De la contemplation de la tombe vide nous tirerons deux parties principales : un la réalité de la résurrection, deux l'importance de la résurrection.
I) La réalité de la résurrection
Le plus formidable obstacle à la connaissance de Dieu ne réside pas dans l'incrédulité naturelle de notre cœur, ou dans le scepticisme propre à la science. Thomas affirmait bien haut son incrédulité et pourtant il a été vite convaincu ; il y a des grands savants qui se déclaraient athées et qui se sont ensuite convertis et ont proclamé leur foi en Jésus-Christ. Non, l'obstacle insurmontable celui qui anéantit toute espérance de parvenir un jour à une foi vivante n'est pas l'incrédulité mais l'hypocrisie. Cette hypocrisie que Jésus a condamnée si souvent et si sévèrement dans la personne des pharisiens et qui est d'autant plus invétérée qu'elle se caractérise plus par la tromperie envers soi-même qu'envers les autres. Etre hypocrite dans le langage biblique, c'est mentir à sa propre conscience, offenser l'amour inné de la vérité, c'est aveugler nous-mêmes notre sens moral.
En face de la tombe vide l'incrédule s'écrie : "je croirai bien plutôt à toute autre explication qu'à une idée aussi absurde que celle de résurrection". Dans sa réaction spontanée, passionnée peut-être, on peut encore discerner un espoir pour lui. Le témoignage apostolique du récit des évangiles, l'argumentation des croyants pourra encore toucher sa raison et puis son cœur.
Mais l'hypocrite à qui on montre la pierre roulée et le corps absent tient un tout autre discours : "Jésus est-il vraiment ressuscité ? Il ne faut pas, dit-il, mélanger les questions d'histoire et de foi. La résurrection n'appartient pas au domaine de l'histoire, elle le transcende pour atteindre celui de la foi. Ainsi cela n'a pas de sens de demander si la résurrection a réellement eu lieu. Et ça n'a d'ailleurs pas non plus d'importance ; ce qui importe c'est le phénomène du christianisme ; il ne faut pas confondre le Jésus historique, dont on ne peut rien dire ou si peu, et le Jésus des chrétiens."

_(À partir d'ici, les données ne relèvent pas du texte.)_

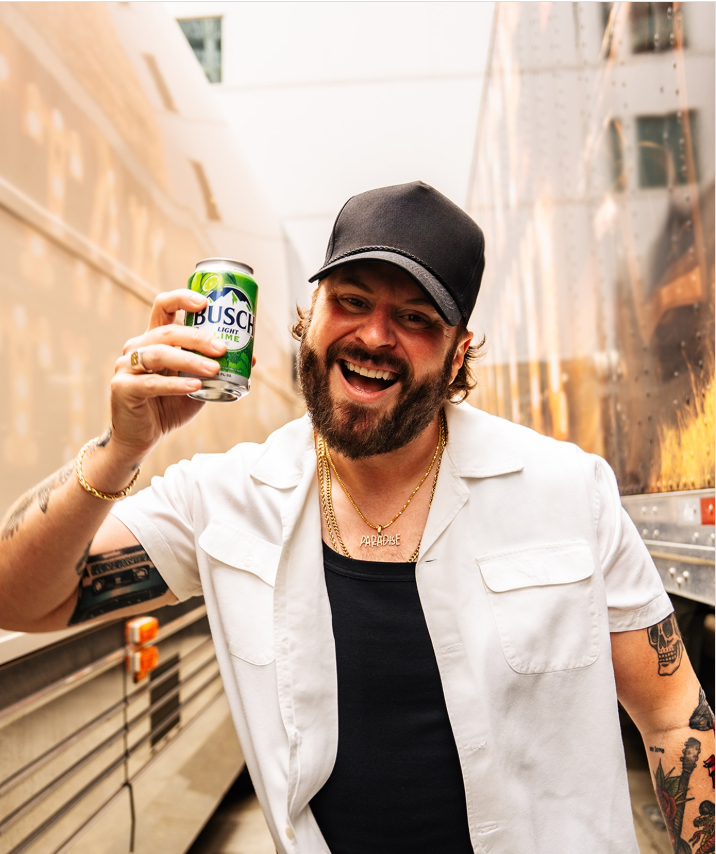 Nate Smith flashes a wide smile while raising a can of Busch Light Lime, posing backstage in a white short-sleeved shirt layered over a black top with his tattooed arms on display. | Source: Instagram/natesmith
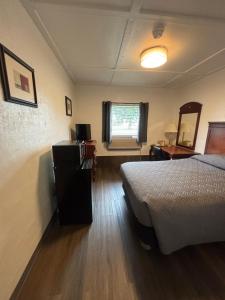 a room with a bed and a desk and a window at Martin House Motel in Brookfield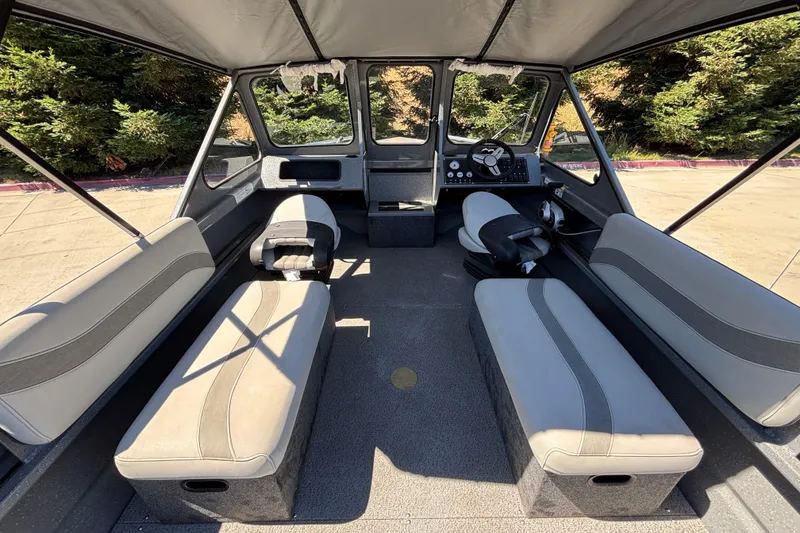 Slide: The Image of Interior of 2025 Spartan 185 Astoria boat with seating and steering console. - 15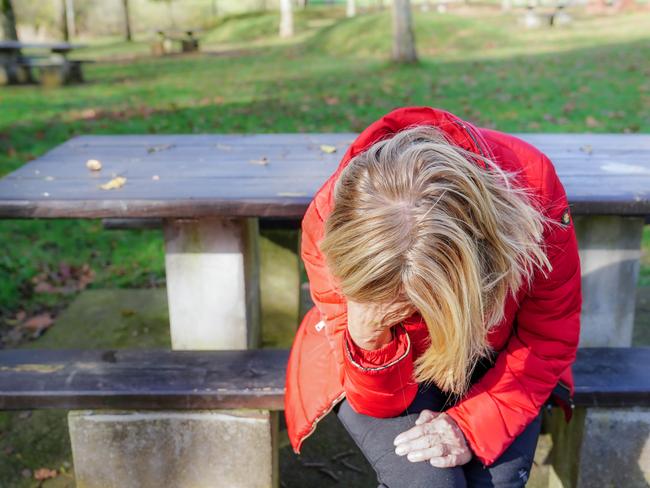 A woman with her head down sad and depressed in a park. World suicide prevention day.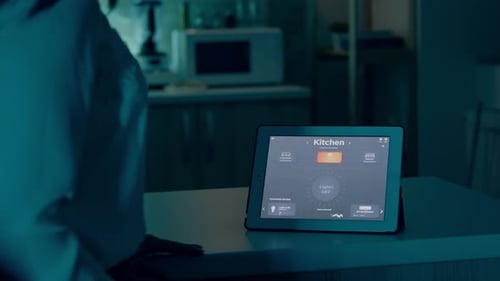 Woman Controls Smart Home Using Tablet Interface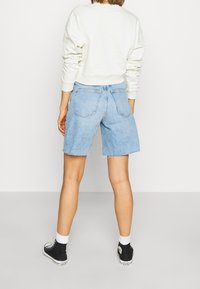 Shorts de mezclilla azul claro con un dobladillo deshilachado y bolsillos traseros, combinados con un sudadera color crema y zapatillas altas negras.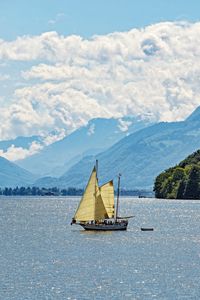 Preview wallpaper sailboat, boat, sea, hills, sky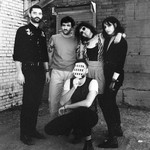 A black and white photo shows five-piece band Uncanny Valley posing in a back alley.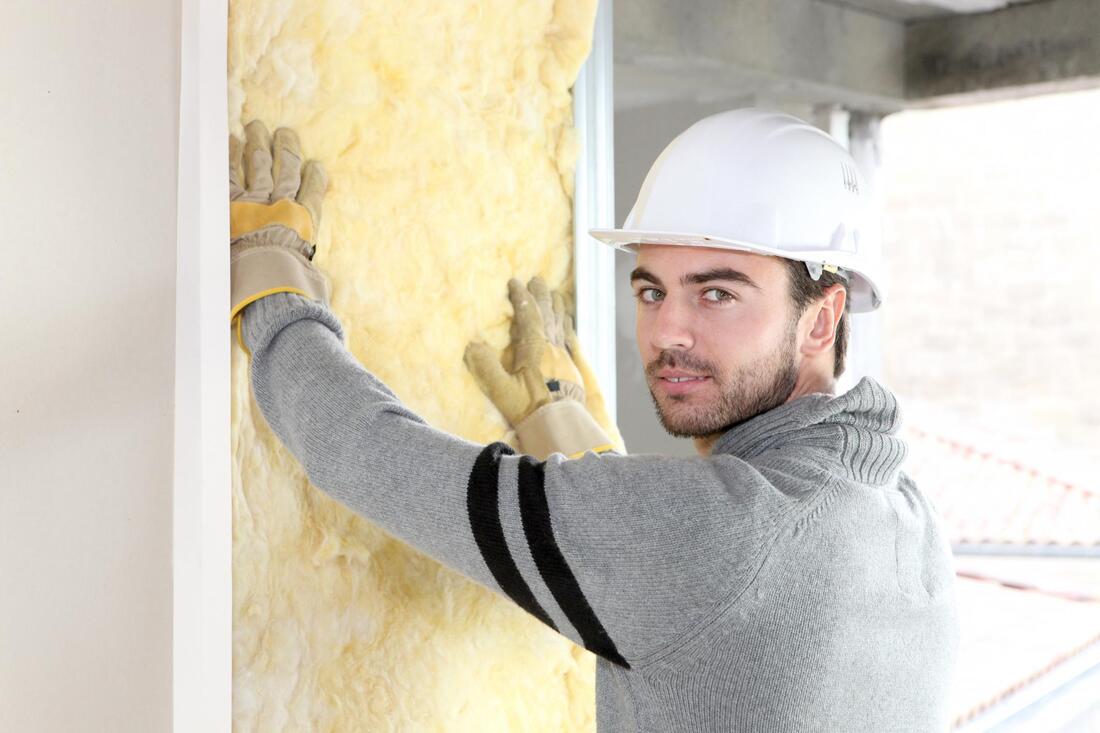 man installing an insulation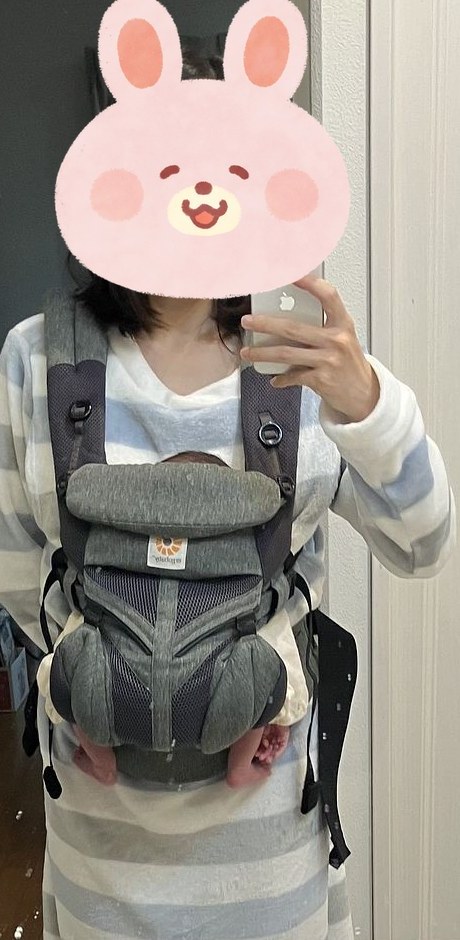 生後10日ほどの息子をエルゴで抱っこした私(前から)。赤ちゃんが小さく、エルゴが大きく見える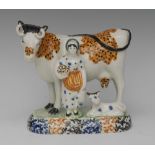 A James Emery Pottery Mexborough cow, calf and milkmaid group,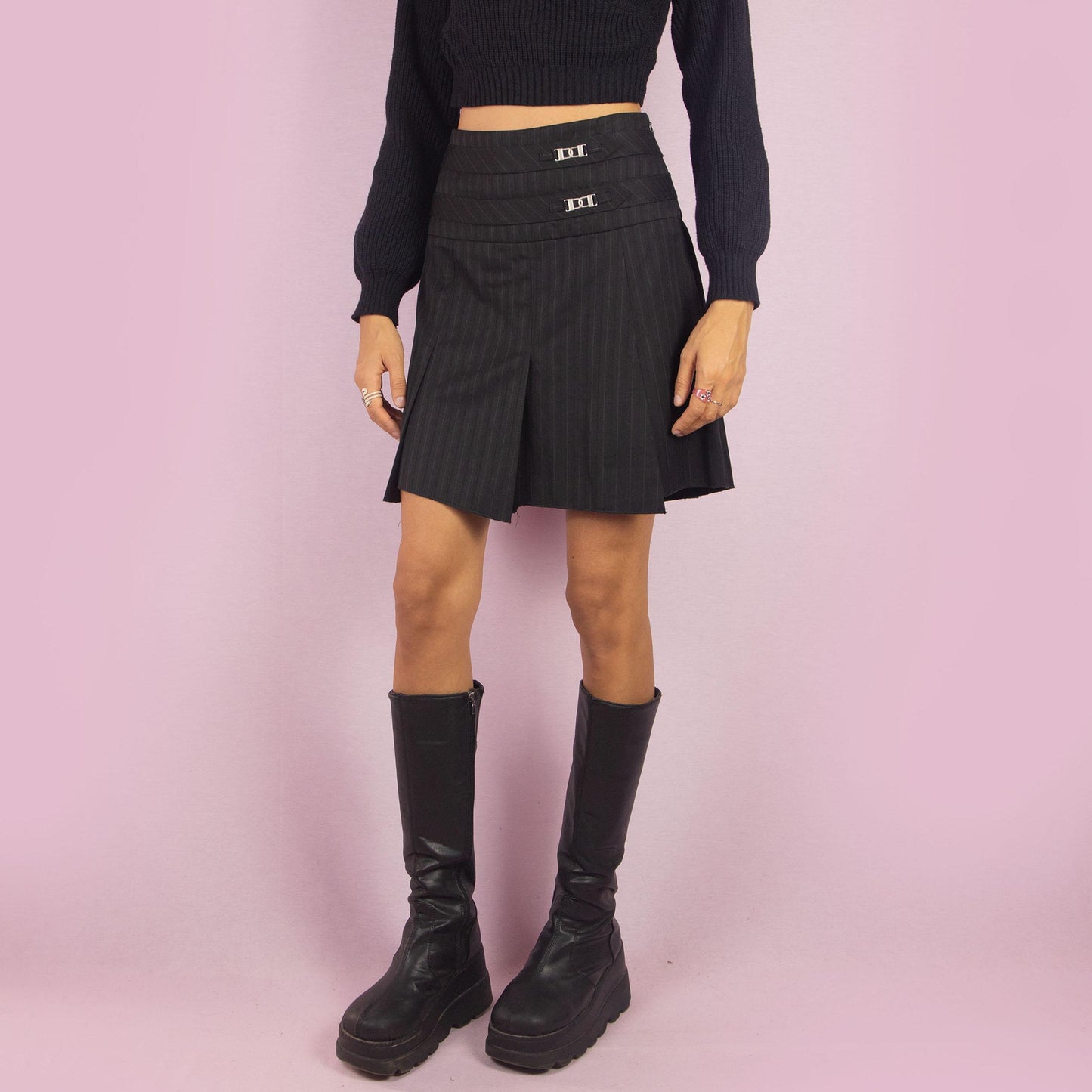 The Y2K Pinstripe Pleated Mini Skirt is a vintage 2000s piece featuring a classic pinstripe pattern with pleated detailing in black. Designed with a mid-rise fit, mini length, and side zipper closure, it’s perfect for office-to-evening transitions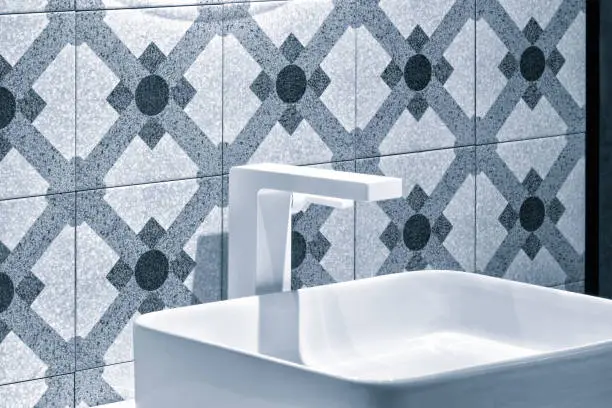 Bathroom with 3D-printed faucet and water-resistant tiles.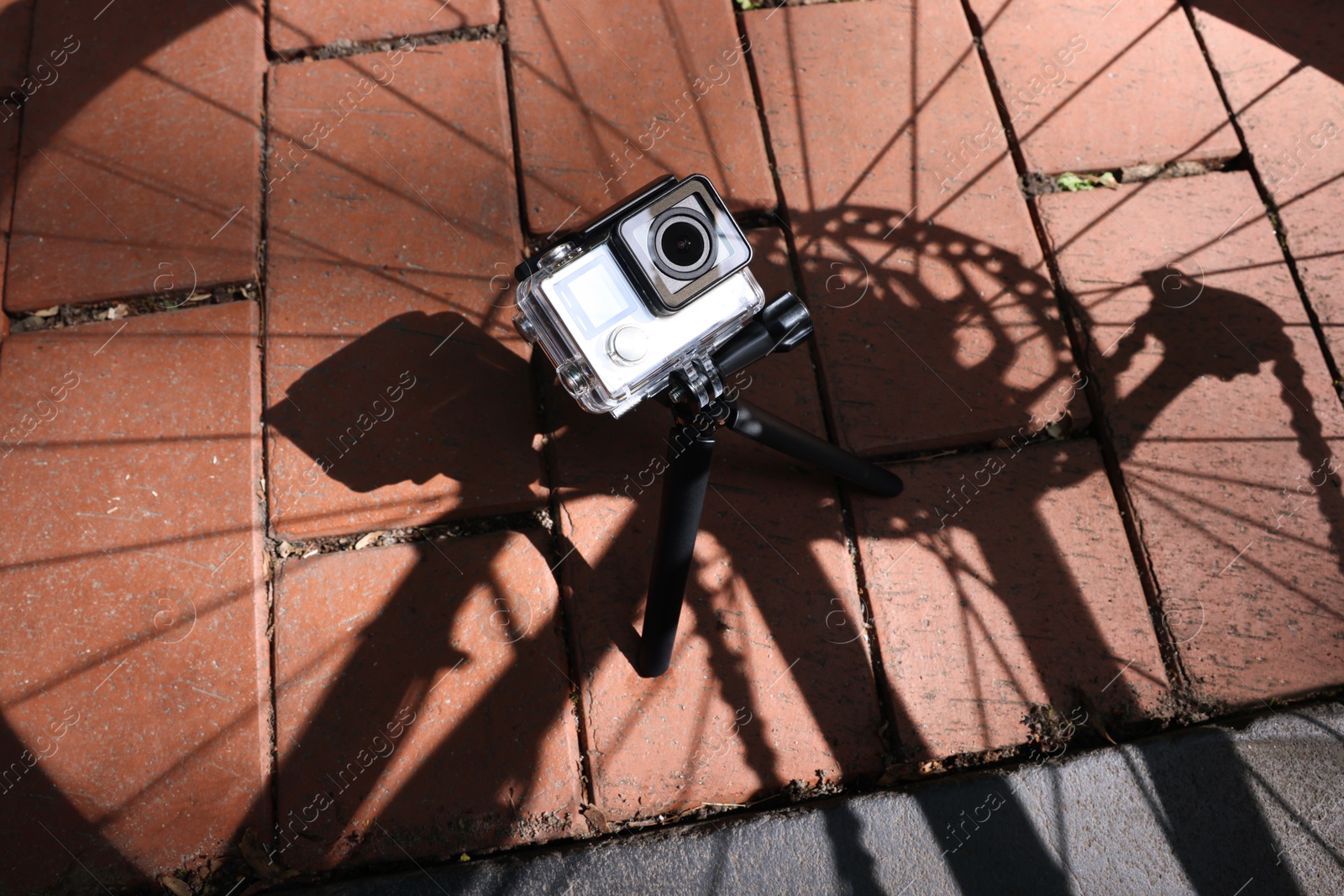 Photo of Modern action camera with tripod on pavement outdoors, above view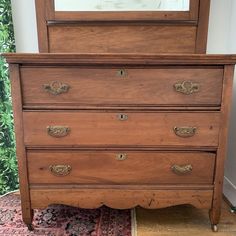 an old wooden dresser with mirror on top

Tout homme en qui réside un reste de bon sens et d'honnêteté intellectuelle, croyant ou non, ne pourra être que révolté, dégoûté même par un tel langage. Ne peut-on plus parler selon la vérité ! Ou la tombe était vide, ou elle ne l'était pas. Ou il y a eu résurrection ou il n'y a pas eu résurrection. Il ne s'agit pas ici de métaphysique mais de faits qui se sont passés ou qui ne se sont pas passés.
Voici les paroles de Paul à ce point de vue, dans la première aux Corinthiens, chapitre 15 :
Je vous rappelle, frères, l'Evangile que je vous ai annoncé, que vous avez reçu, dans lequel vous avez persévéré, et par lequel vous êtes sauvés, si vous le retenez tel que je vous l'ai annoncé; autrement, vous auriez cru en vain.
Je vous ai enseigné avant tout, comme je l'avais aussi reçu, que Christ est mort pour nos péchés, selon les Écritures ; qu'il a été enseveli, et qu'il est ressuscité le troisième jour, selon les Ecritures ; et qu'il est apparu à Céphas, puis aux douze.
Ensuite, il est apparu à plus de cinq cents frères à la fois, dont la plupart sont encore vivants, et dont quelques-uns sont morts. Ensuite, il est apparu à Jacques, puis à tous les apôtres.
Après eux tous, il m'est aussi apparu à moi, comme à l'avorton ; car je suis le moindre des apôtres, je ne suis pas digne d'être appelé apôtre, parce que j'ai persécuté l'Église de Dieu. Par la grâce de Dieu je suis ce que je suis, et sa grâce envers moi n'a pas été vaine; loin de là, j'ai travaillé plus qu'eux tous, non pas moi toutefois, mais la grâce de Dieu qui est avec moi.
Ainsi donc, que ce soit moi, que ce soient eux, voilà ce que nous prêchons, et c'est ce que vous avez cru. Or, si l'on prêche que Christ est ressuscité des morts, comment quelques-uns parmi vous disent-ils qu 'il n'y a point de résurrection des morts ? S 'il n'y a point de résurrection des morts, Christ non plus n'est pas ressuscité. Et si Christ n'est pas ressuscité, notre prédication est donc vaine, et votre foi aussi est vaine.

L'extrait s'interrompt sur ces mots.